On the other hand, if a structure is employed so that a step feeding mechanism is operated as set forth above, it is needless to mention that there is no particular problem about the slippage of a log, the supply of driving power etc., and even when the axial portion happens to be broken so that the revolution of a driven spindle becomes different from that of the log, the step feeding mechanism is always operated to follow the rotation of the spindle at the idler side. Therefore, no abnormal pressure takes place at all between the spindle and the step feeding mechanism, and there is no fear that any unnecessary wearing of every member or breakage of the entire log results, making it possible to carry out an effective operation.

BRIEF DESCRIPTION OF THE DRAWINGS

The present invention will subsequently be described according to an embodiment shown in the drawings.

FIG. 1 is a partially cutaway plan view illustrating the right side of a veneer lathe according to the present invention; and

FIG. 2 is a partially cutaway plan view illustrating the left side of the veneer lathe shown in FIG. 1.

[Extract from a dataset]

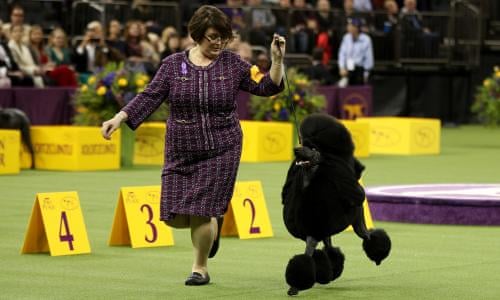 Siba The Standard Poodle Named Westminster S Best In Show As It Happened Sport The Guardian Which Dog Won The Championship Best In Show At The 2022 Westminster Dog Show?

DETAILED DESCRIPTION OF THE PREFERRED EMBODIMENT

In the drawings, a pair of left and right large spindles 1, 1a has an appropriate number of keyways 3, 3a provided on the circumference thereof and large chucks 2, 2a are installed at both ends thereof which also function as bearing housing. Spindles 1, 1a are supported slidably only in the axial direction by a pair of sleeves 7, 7a each having a chain pulley 4 or a gear 4a, sleeve bearing 5, 5a and keys 6, 6a, and are rotatably supported simultaneously by main frames 10, 10a each having antifriction bearings 8, 8a and press-fit covers 9, 9a through the sleeves 7, 7a so as to hold a log 29 at both ends thereof by suitably transferring themselves in the axial direction as required following the operation of pushers 18, 18a which will be described later.

A pair of left and right small spindles 11, 11a has small chucks 12, 12a installed at both ends thereof as well as an appropriate number of keyways 13, 13a provided at the circumference thereof, and is supported slidably in the axial direction and also rotatably by said large spindles 1, 1a which have in addition to said large chucks 2, 2a, further bearing housings 14, 14a, press-fit covers 15, 15a, antifriction bearings 16, 16a, and sleeves 17, 17a. So small spindles 11, 11a can hold a log 29 at both ends thereof as required by transferring themselves in the axial direction following the operation of pushers 19, 19a which will be described later.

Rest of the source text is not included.